Having confused everyone on that score, he moves on to surge, one of those temporarily popular words he loves to put into pun-filled contexts ("We are now inundated by the billowing wave of surge. Put the words Iraq and surge together in a splashy Google search and you can wade into nine million usages of that swell noun and verb..."). In the midst of that harmless fun, he perpetrates this incomprehensible piece of misinformation:
Surge may spring from spring, source of fountains, streams and seas, and in a mysterious undulation of the English language, seems to share a root with the Latin surgere, “to rise,” as the source of the French surgeon.So (if I'm reading this magniloquent gibberish correctly) he's saying that the word surge "may" come from the word spring and "seems to share a root" with surgere; I've read the sentence multiple times and still can't figure out whether the last phrase says that the source of the French word is the English word or the Latin one, but let's be charitable and assume he meant the latter. Now, it's true that surge shares a root with surgere; this is because it's from surgere (probably via Catalan and French), so it "shares a root" with it in the same way sushi shares a root with Japanese sushi. Surge has nothing to do with spring. Why he mentions the extremely obscure French word surgeon, meaning 'sucker, shoot thrown out from the base of a tree or plant,' is beyond me unless he is under the impression that the French word is the same as the English word surgeon, which of course it's not (the French for that is chirurgien, and the ultimate source is Greek kheirourgos, literally 'hand-worker'). His eye presumably caught the OED's "the earliest examples (sense 1a, b) transl. OF. sourgeon (mod.F. surgeon)" and his magpie nature said "ooh, surgeon, what fun!" and he stuck it in without giving a moment's thought to what this "mod.F. surgeon" might be.

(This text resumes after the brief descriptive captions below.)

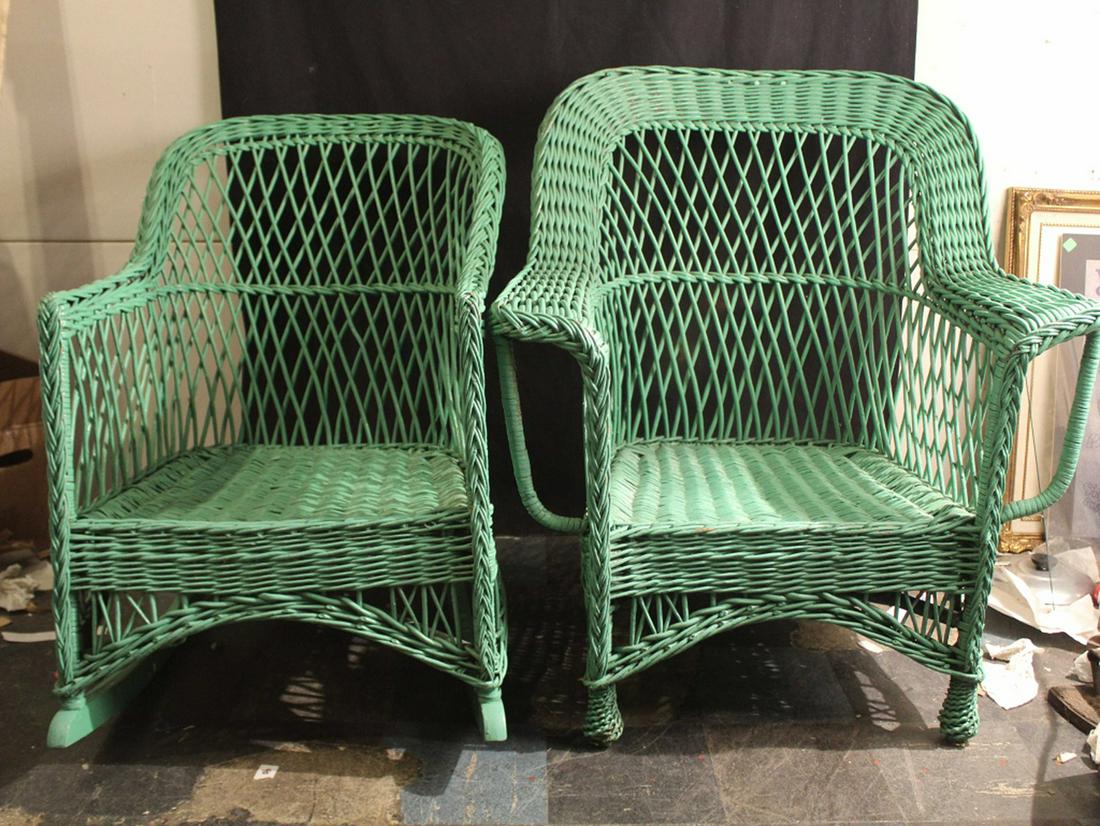 2 Antique Vintage Rattan Armchairs (1 of 3)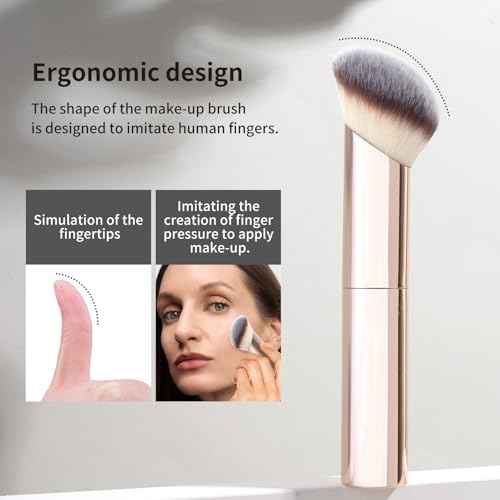 MAANGE 9 PCS Makeup Brush Set Foundation Brush Double Makeup Brushes for Blending Liquid Powder Concealer Cream Blush Buffe Contour Make up Brush Kit (Gold)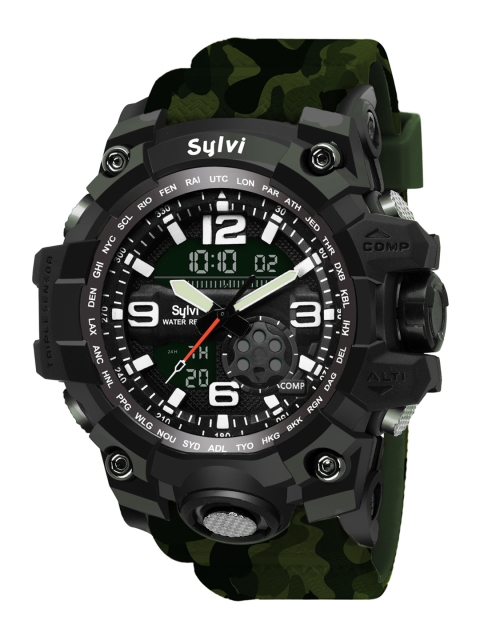 

Sylvi Men Black Dial Analogue Watch YD-Armya-green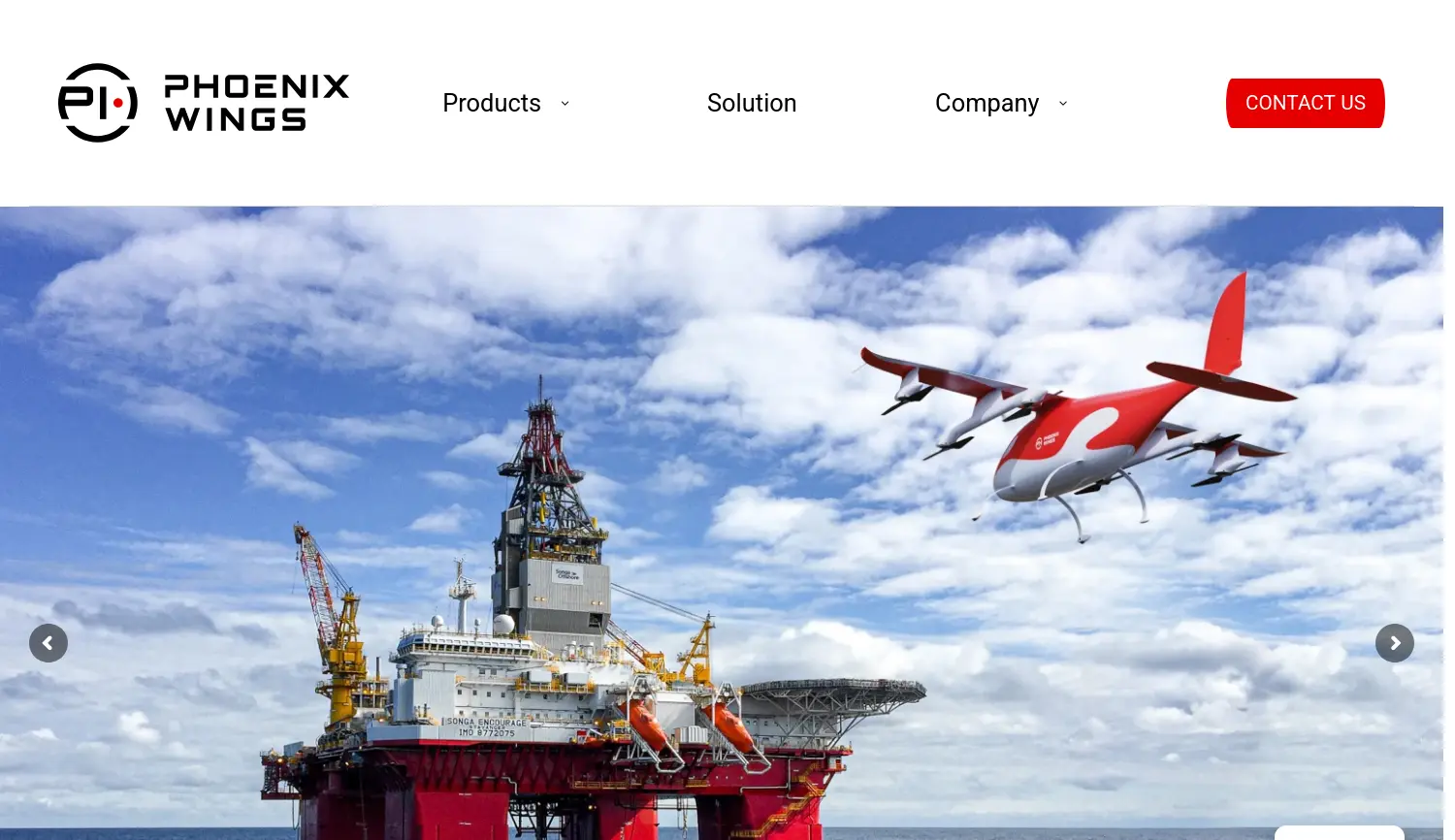 Website der Firma Phoenix-Wings GmbH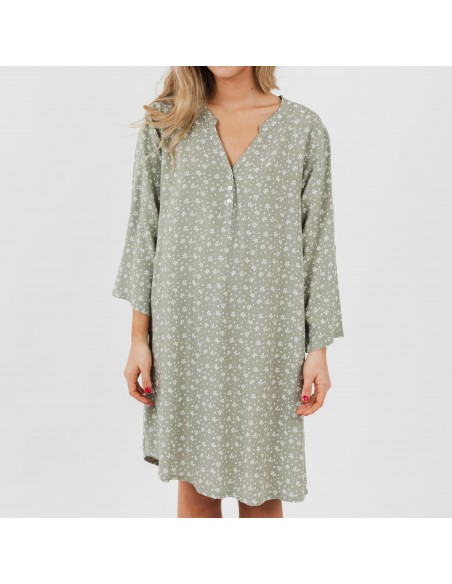 Camicia lunga viscosa Valeria verde militare Camicia lunga viscosa Valeria verde militare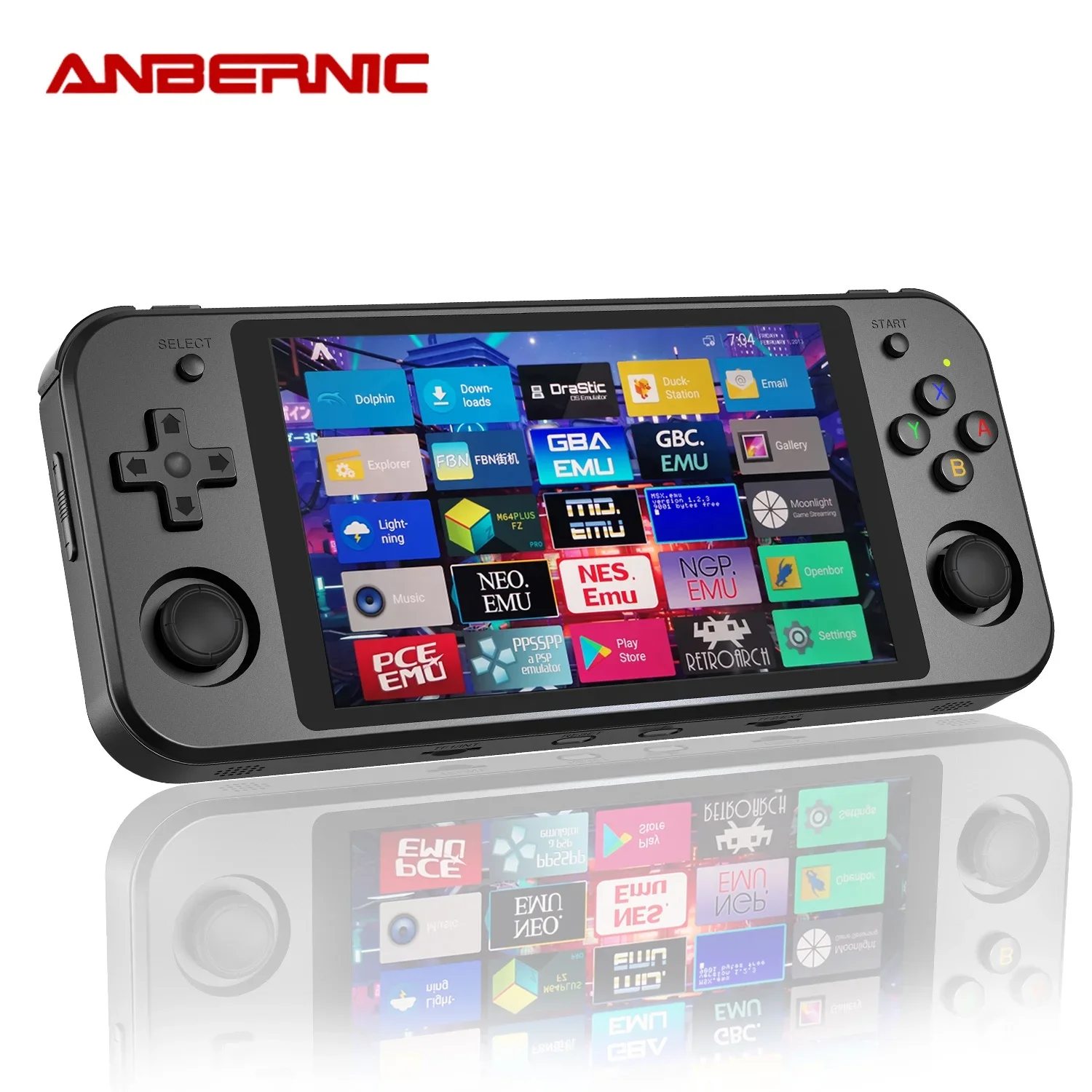 Anbernic großhandel rg552 retro handheld spiel spieler rk3399 linux android dual-boot 5 in hd touchscreen tragbare spiel konsole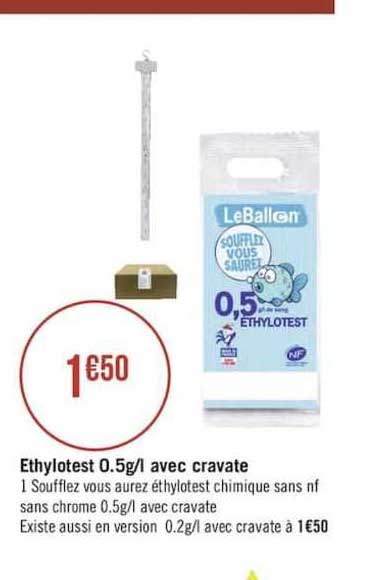 ethylotest 0.5g l avec cravate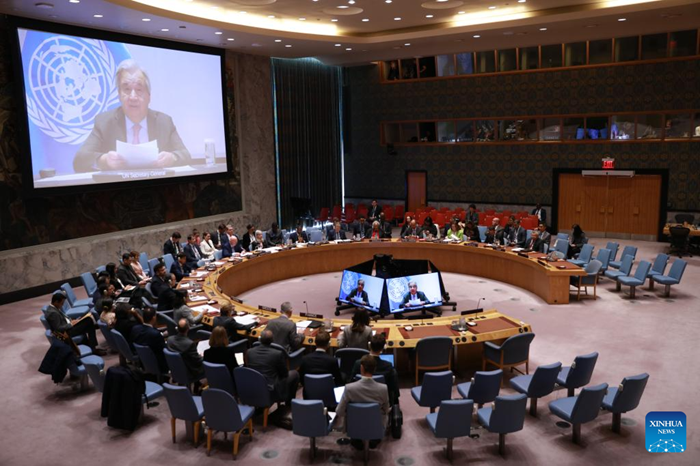 UN Secretary-General Antonio Guterres (on screens) speaks via a video link at an open debate of the Security Council on the future of the UN at the UN headquarters in New York, Oct. 24, 2025. Guterres called on the Security Council to channel the resources often spent on war to development and peace on Friday. (Photo: Xinhua)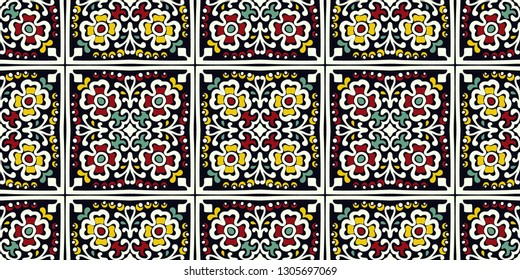Talavera pattern.  Indian patchwork. Azulejos portugal. Turkish ornament. Moroccan tile mosaic. Ceramic tableware, folk print. Spanish pottery. Ethnic background. Mediterranean seamless  wallpaper.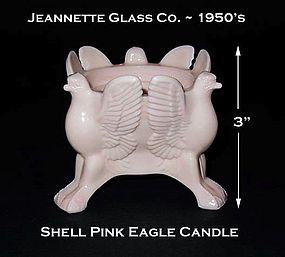 Jeannette Shell Pink Milk Glass Single Eagle Candle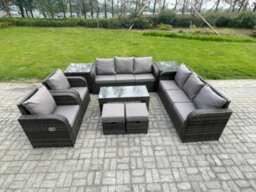 Fimous Wicker Pe Rattan Sofa Set 10 Seater Outdoor Patio Garden Furniture Set With 2 Reclining Chairs Coffee Table 2 Side Tables - thumbnail 2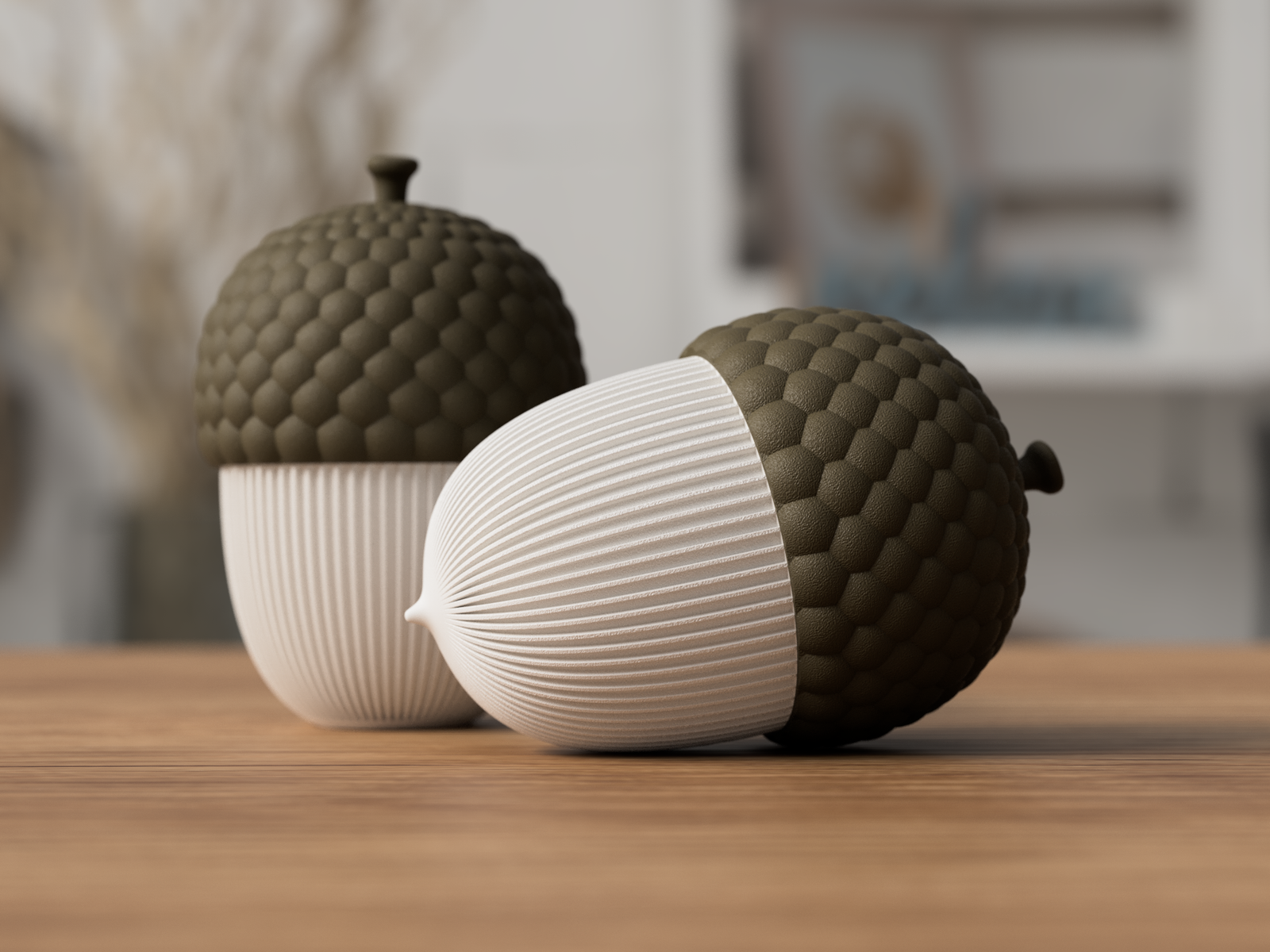 3D Eichel - Rib Twist aus PLA – 3D Herbstdeko – ASDEPRO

While I'm breaking my resolution, I might as well commit a multiple offense, so let me add a brief swipe at a sentence in Peter J. Boyer's "Downfall: How Donald Rumsfeld reformed the Army and lost Iraq" from the Nov. 20 New Yorker. In the context of discussing the "Revolution in Military Affairs" (a proposed reformation of the U.S. armed forces), Boyer writes: "But the last thing the Army was inclined to do while facing cutbacks under the Clinton Administration was tinker with its revered divisional structure, and the Navy was no less inclined to reduce the number of its aircraft-carrier battle groups." I think if you read that sentence carefully, you'll see that he should have said "the Navy was no more inclined..." This is an example of what Language Log calls "overnegation as obfuscation," and the crack editorial staff should have caught it.